My tendency towards excess often runs directly into my separate tendency towards getting confused into immobility by excess.  So I get a lot of mileage out of this imagery.

 

I am at that point with posts for this site. I have a few posts that just need some editing to be ready, a bunch of dishes I’ve photographed that I could write about, and some new recipes to post that can then be organized into Menu Ideas. I also keep trying to develop a narrative or some kind of structure (salads! eating meals!) and then that doesn’t happen in an orderly fashion and I become even more confused.

 

So when trapped on the phone today for work I edited some photos and decided to maybe just start sticking some stuff up here regardless of the narrative tidiness.

 

In this case: Refrigerator Pickles.

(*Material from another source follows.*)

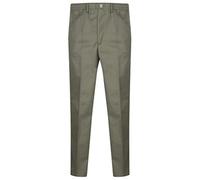 FASHION 7STAR Mens Smart Pockets Rugbi Trousers Adults Elasticated Waist Full Length with Button Casual Pants Khaki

Mainly: why not?

 

I mean, pickles are actually kind of expensive for what they are (mainly water).  You have to imagine that what you are really paying for is the cost of transporting heavy glass jars of liquid.

 

 

And, it turns out, refrigerator pickles are pretty easy and quite tasty. Summertime is cucumber season, so if you, like me, have never tried making fridge pickles, I say go for it.

 

The recipe I tried was this one for Dill Chips from Martha Stewart. I didn’t have the dill seed so I skipped that, but think I’ll use them in the future for even more flavor.

 

The process is simple, salt the cukes for a bit to get rid of some of the excess water and rinse them.

 

Put them with the dill weed in a jar, boil the other ingredients, and pour it all over the vegetables.  Stick it in the fridge and in a week you have made pickles, my friend.

 

By using the fridge, you don’t have to deal with the frightening elements of botulism. (Recently went to a canning class where I was terrified out of my Laura Ingalls Wilder dreams of a dark and cool root cellar with walls lined with shelves full of preserves. Any activity that requires your attention to never wander, like neurosurgery, or stunt driving or, apparently, canning, is off the list of options for this space cadet.)

 

You have to wait a little while for them to be ready, and yes, fishing them out of the dill-filled brine is a bit like navigating a particularly sea-weedy beach.

 

But delicious, and with a least a mild frisson of Handy Homesteading.

 

I especially enjoyed these pickles on a sandwich with sharp light Irish cheddar, some avocado, mustard and tomato.  They were also great diced in an egg salad as a more flavorful alternative to the usual celery.